What you need to do: From the first line to the last, copy the material exactly and leave the pictures out.
Collected material Block Start
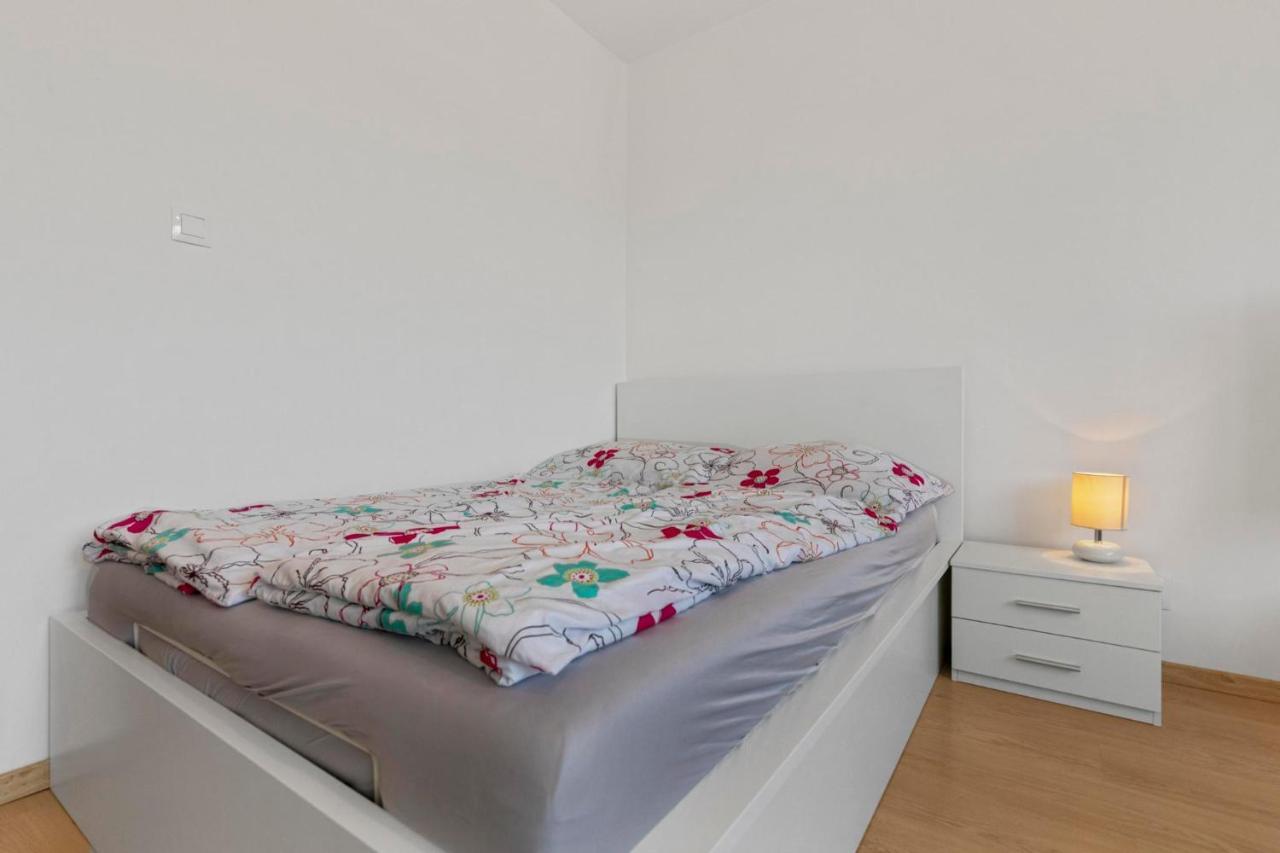 Apartament 20 Minutes From Center W Netflix, Coffee Or Tea & Parking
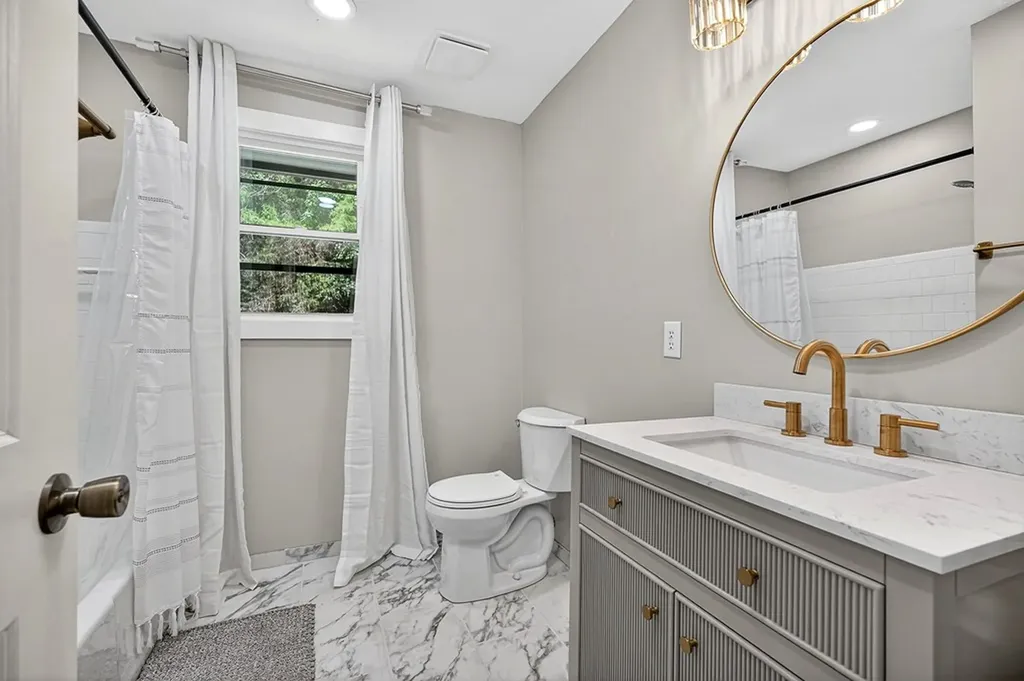 241 Nautilus Point Silver Point TN 38582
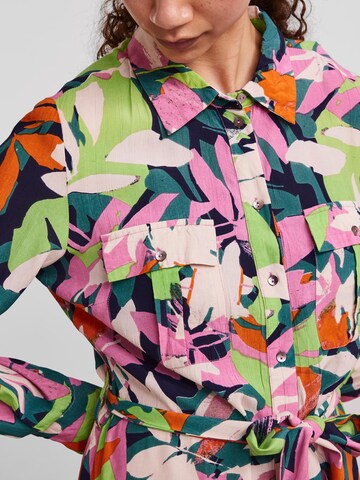 Robe-chemise 'JUNGLE LIFE' Y.A.S en mélange de couleurs
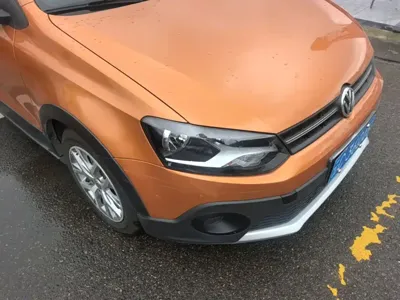 Volkswagen Polo 2014, 66000 км, за 3751.12 USD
Collected material Block End
Worked solution:
 Apartament 20 Minutes From Center W Netflix, Coffee Or Tea & Parking
 241 Nautilus Point Silver Point TN 38582
 Robe-chemise 'JUNGLE LIFE' Y.A.S en mélange de couleurs
 Volkswagen Polo 2014, 66000 км, за 3751.12 USD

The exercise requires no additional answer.